-- RECORDS PROVIDED follows --

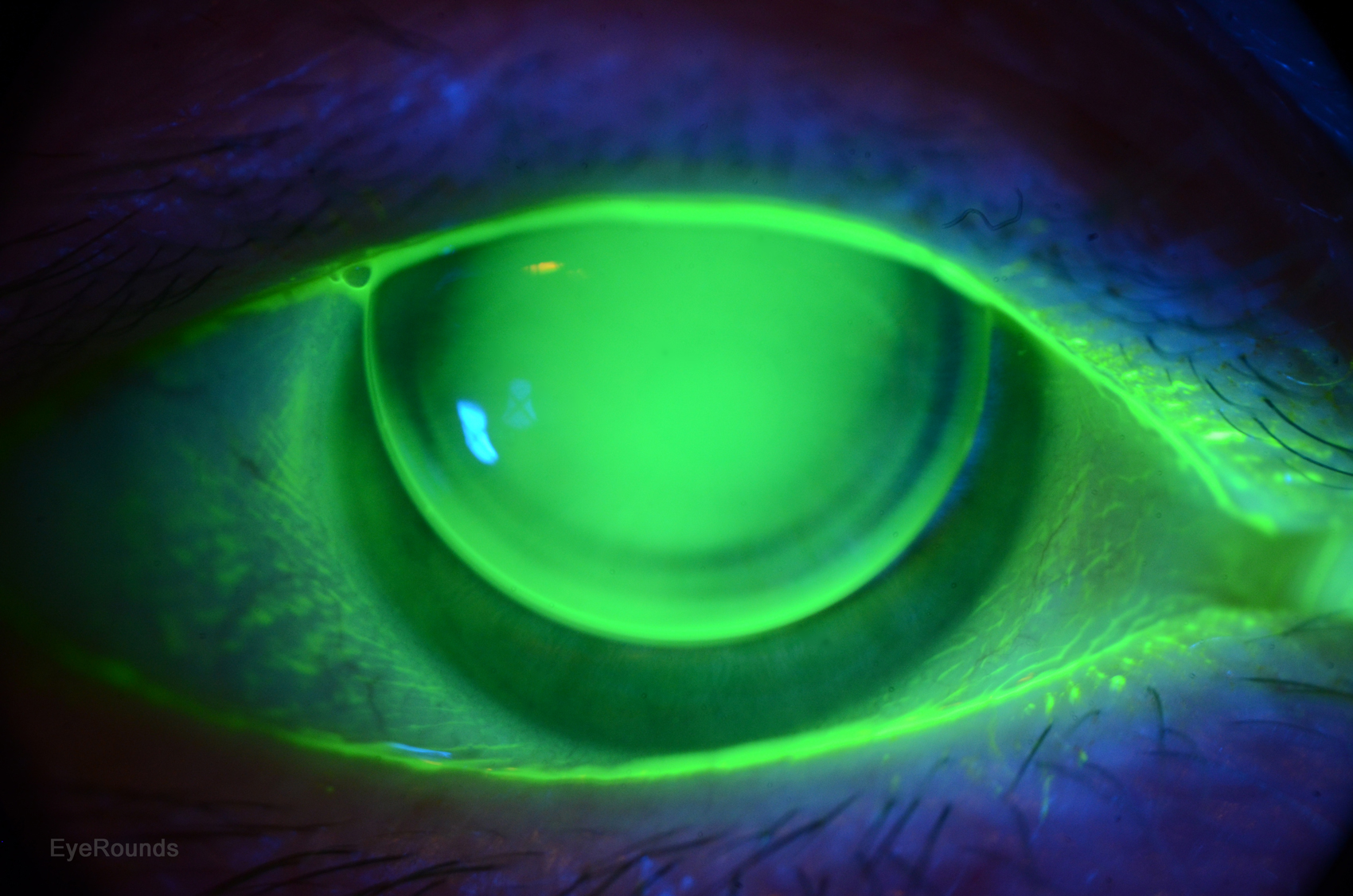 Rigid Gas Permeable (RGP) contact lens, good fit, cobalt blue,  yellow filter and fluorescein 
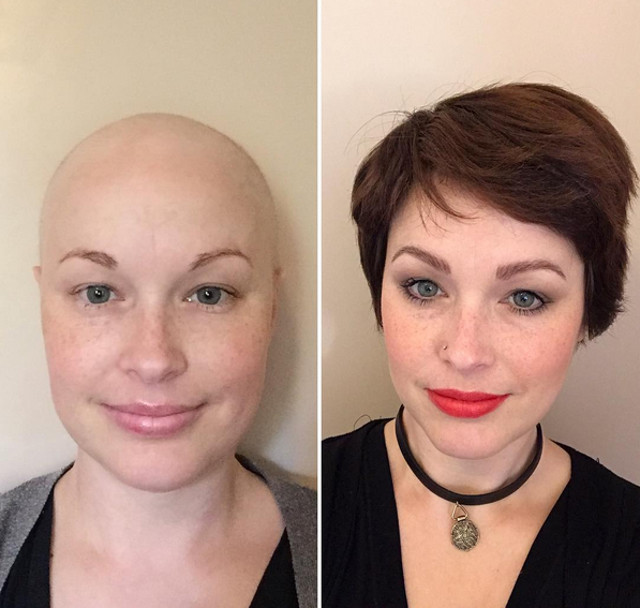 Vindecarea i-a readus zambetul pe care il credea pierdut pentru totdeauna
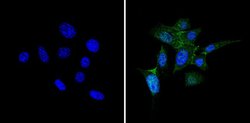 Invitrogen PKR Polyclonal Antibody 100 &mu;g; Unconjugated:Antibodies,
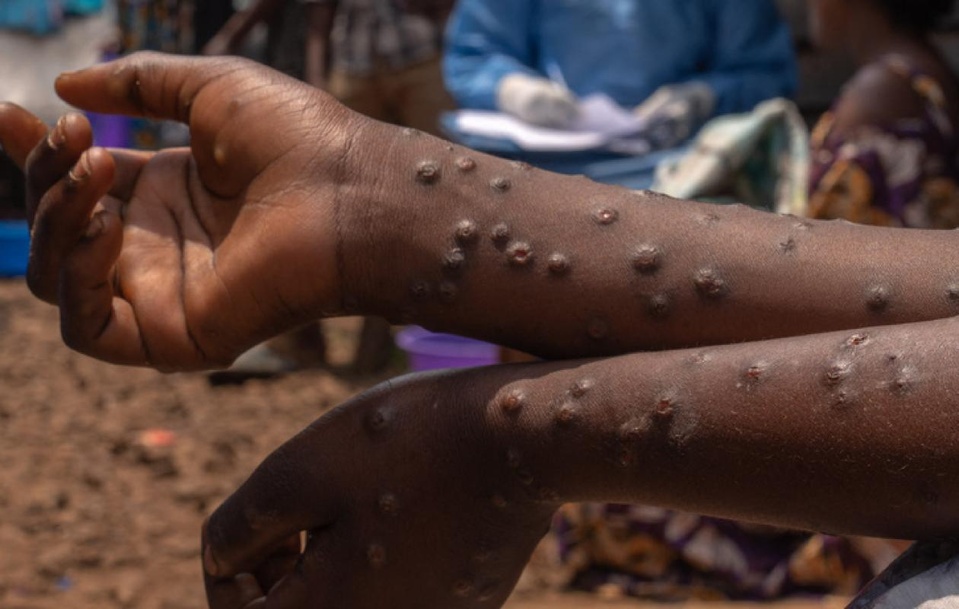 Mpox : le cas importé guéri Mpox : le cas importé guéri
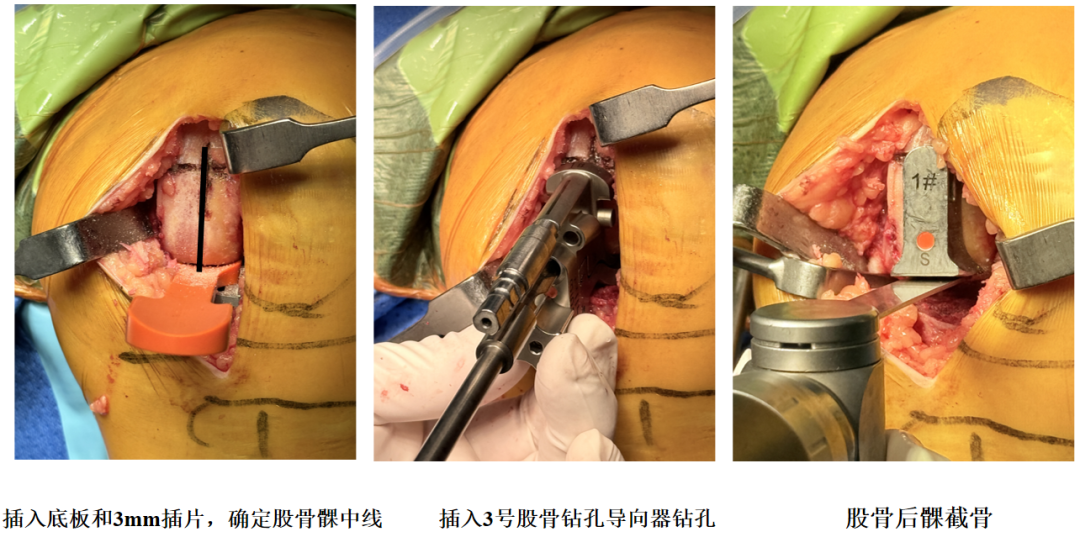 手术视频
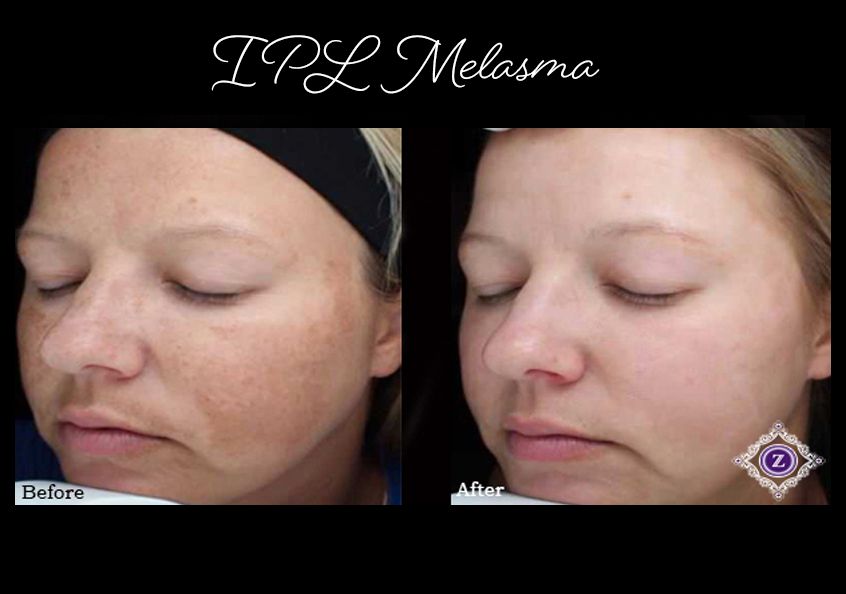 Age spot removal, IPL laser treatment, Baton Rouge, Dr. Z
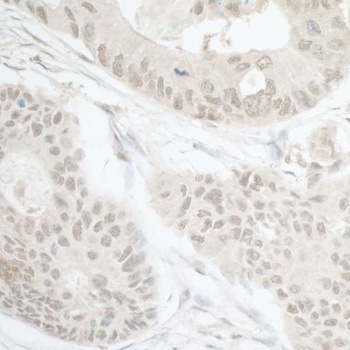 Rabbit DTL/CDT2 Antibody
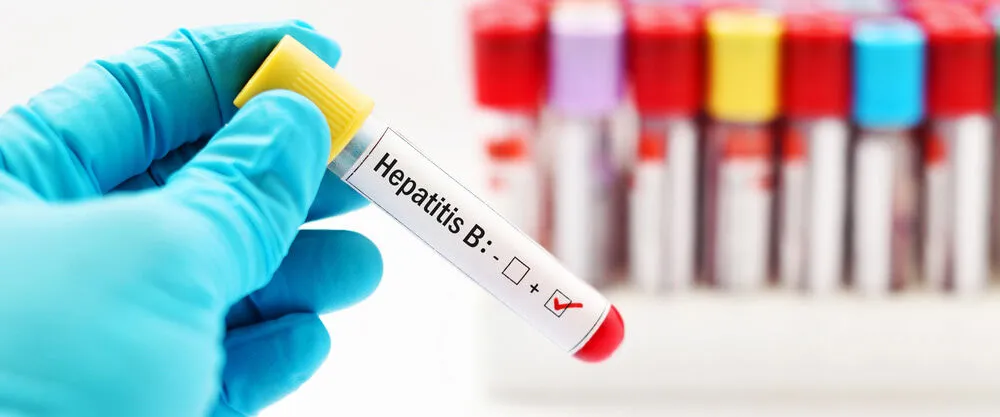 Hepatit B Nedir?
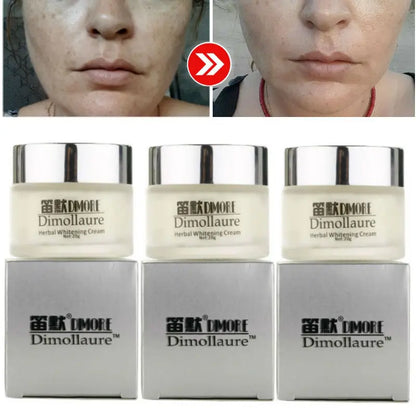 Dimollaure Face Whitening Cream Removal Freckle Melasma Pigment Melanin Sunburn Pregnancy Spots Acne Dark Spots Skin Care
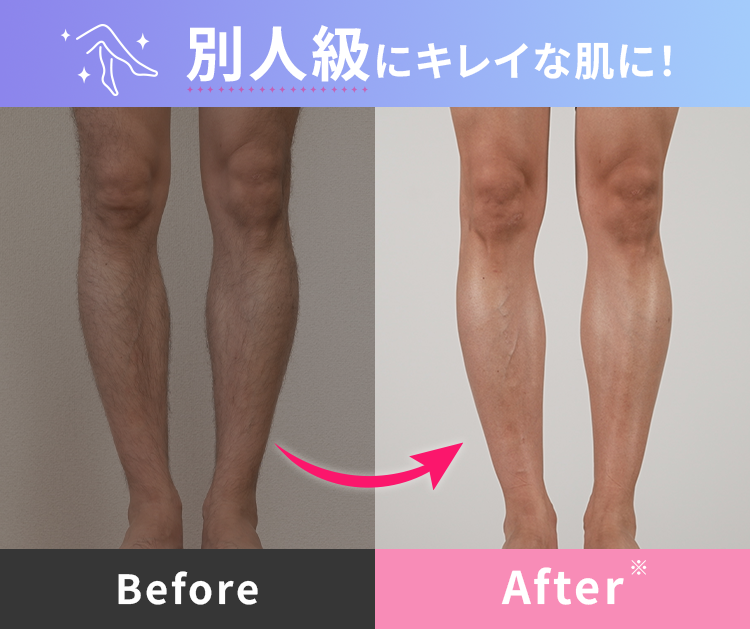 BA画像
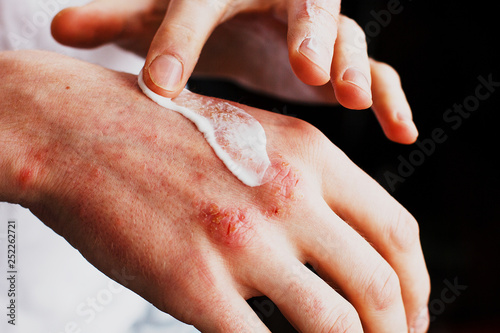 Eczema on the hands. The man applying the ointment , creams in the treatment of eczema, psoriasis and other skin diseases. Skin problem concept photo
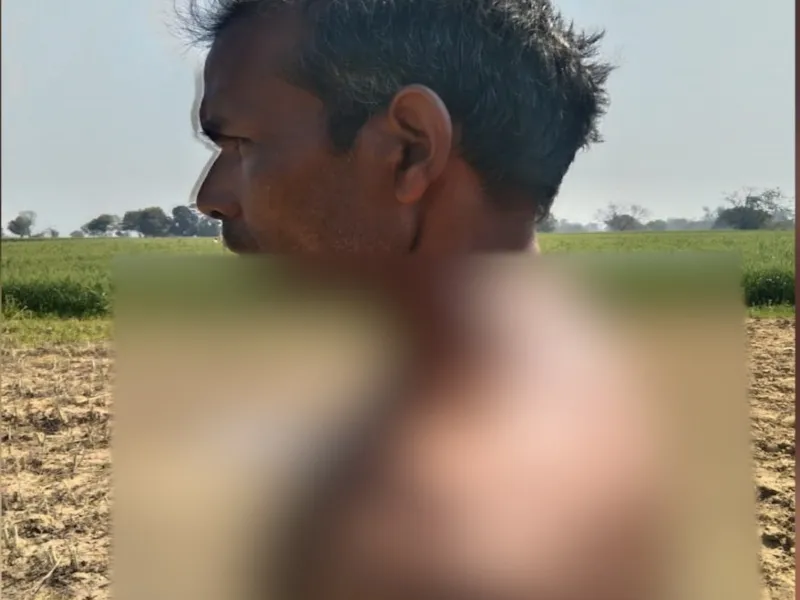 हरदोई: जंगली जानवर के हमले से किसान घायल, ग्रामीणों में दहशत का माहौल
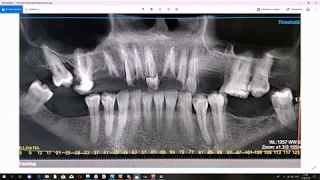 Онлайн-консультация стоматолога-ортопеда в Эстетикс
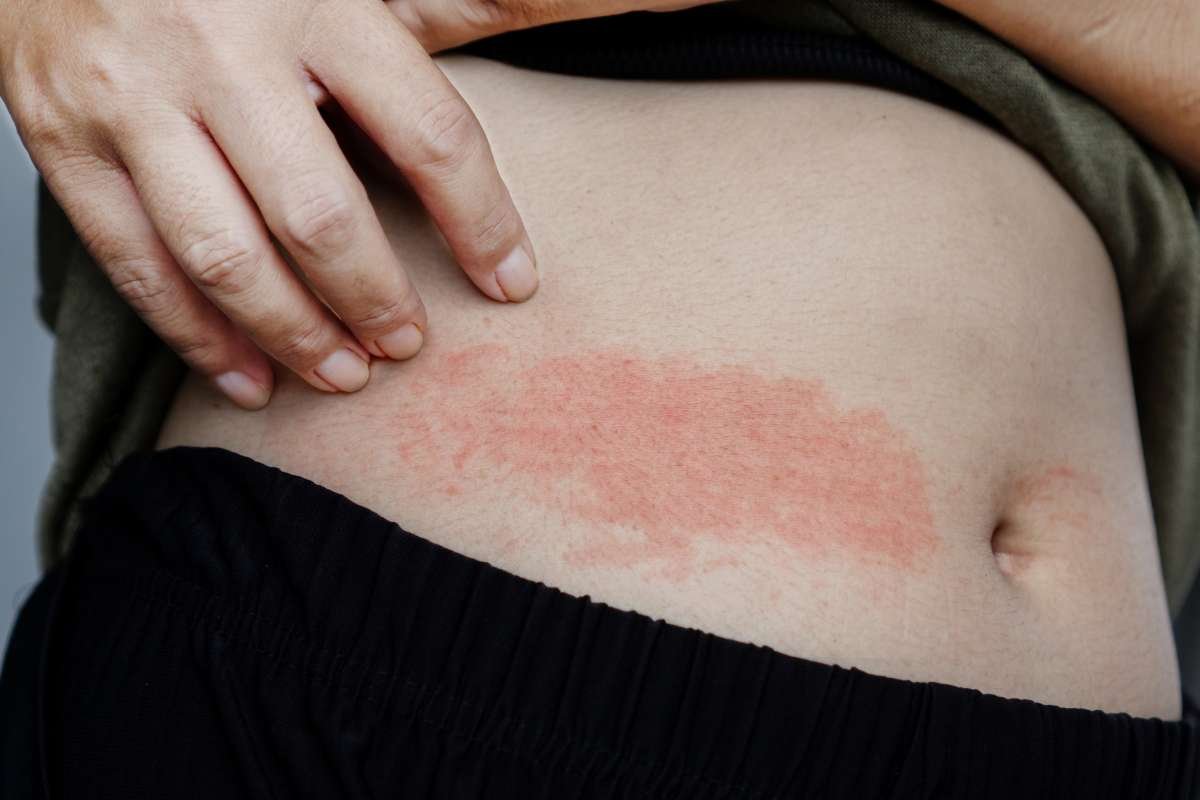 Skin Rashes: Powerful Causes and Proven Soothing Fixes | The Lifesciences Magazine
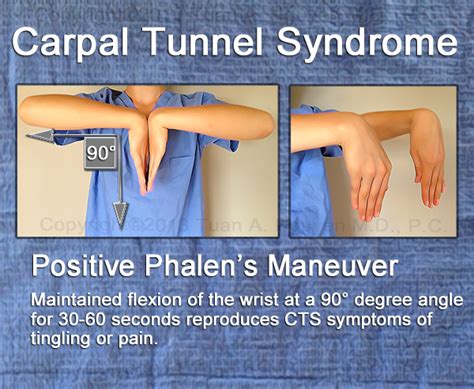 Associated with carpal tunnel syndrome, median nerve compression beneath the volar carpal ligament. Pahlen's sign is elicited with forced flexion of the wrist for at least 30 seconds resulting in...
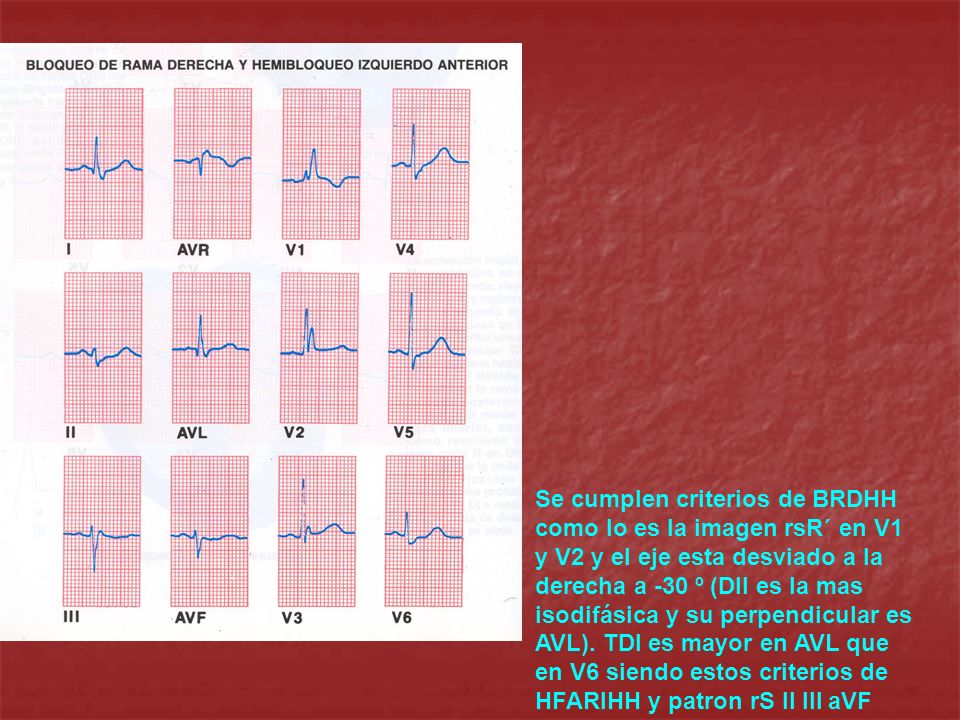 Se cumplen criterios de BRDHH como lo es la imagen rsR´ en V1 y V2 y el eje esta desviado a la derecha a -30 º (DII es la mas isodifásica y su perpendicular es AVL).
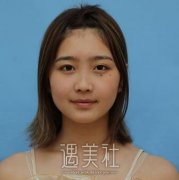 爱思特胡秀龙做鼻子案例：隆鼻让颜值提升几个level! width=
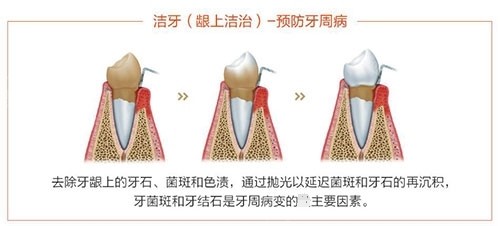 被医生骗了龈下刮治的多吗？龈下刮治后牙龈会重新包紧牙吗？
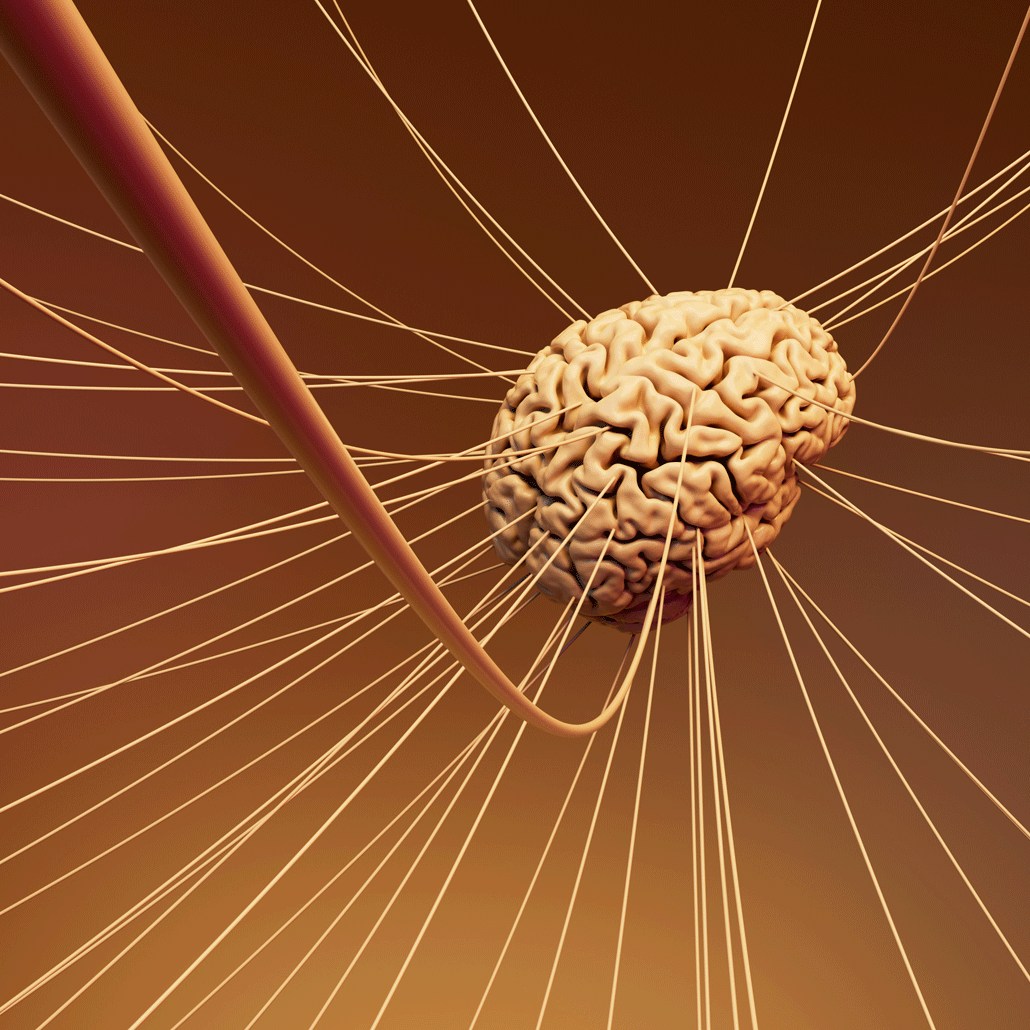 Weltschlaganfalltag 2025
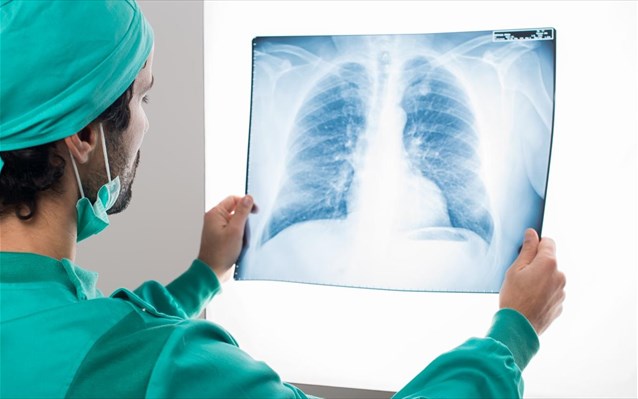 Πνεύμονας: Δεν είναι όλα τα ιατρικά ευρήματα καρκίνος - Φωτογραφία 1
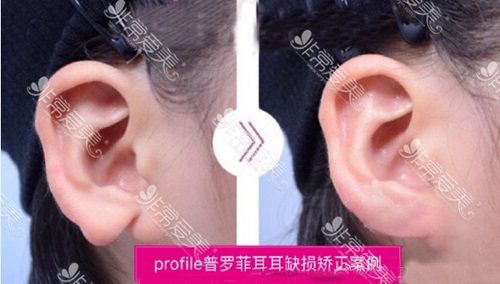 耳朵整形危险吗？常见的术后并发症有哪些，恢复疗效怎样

-- RECORDS PROVIDED concluded --

| TASK DESCRIPTION |
The listing above is to be set down word for word, without its images.

| ANSWER FOR THIS EXERCISE |
 Rigid Gas Permeable (RGP) contact lens, good fit, cobalt blue,  yellow filter and fluorescein 
 Vindecarea i-a readus zambetul pe care il credea pierdut pentru totdeauna
 Invitrogen PKR Polyclonal Antibody 100 &mu;g; Unconjugated:Antibodies,
 Mpox : le cas importé guéri Mpox : le cas importé guéri
 手术视频
 Age spot removal, IPL laser treatment, Baton Rouge, Dr. Z
 Rabbit DTL/CDT2 Antibody
 Hepatit B Nedir?
 Dimollaure Face Whitening Cream Removal Freckle Melasma Pigment Melanin Sunburn Pregnancy Spots Acne Dark Spots Skin Care
 BA画像
 Eczema on the hands. The man applying the ointment , creams in the treatment of eczema, psoriasis and other skin diseases. Skin problem concept photo
 हरदोई: जंगली जानवर के हमले से किसान घायल, ग्रामीणों में दहशत का माहौल
 Онлайн-консультация стоматолога-ортопеда в Эстетикс
 Skin Rashes: Powerful Causes and Proven Soothing Fixes | The Lifesciences Magazine
 Associated with carpal tunnel syndrome, median nerve compression beneath the volar carpal ligament. Pahlen's sign is elicited with forced flexion of the wrist for at least 30 seconds resulting in...
 Se cumplen criterios de BRDHH como lo es la imagen rsR´ en V1 y V2 y el eje esta desviado a la derecha a -30 º (DII es la mas isodifásica y su perpendicular es AVL).
 爱思特胡秀龙做鼻子案例：隆鼻让颜值提升几个level! width=
 被医生骗了龈下刮治的多吗？龈下刮治后牙龈会重新包紧牙吗？
 Weltschlaganfalltag 2025
 Πνεύμονας: Δεν είναι όλα τα ιατρικά ευρήματα καρκίνος - Φωτογραφία 1
 耳朵整形危险吗？常见的术后并发症有哪些，恢复疗效怎样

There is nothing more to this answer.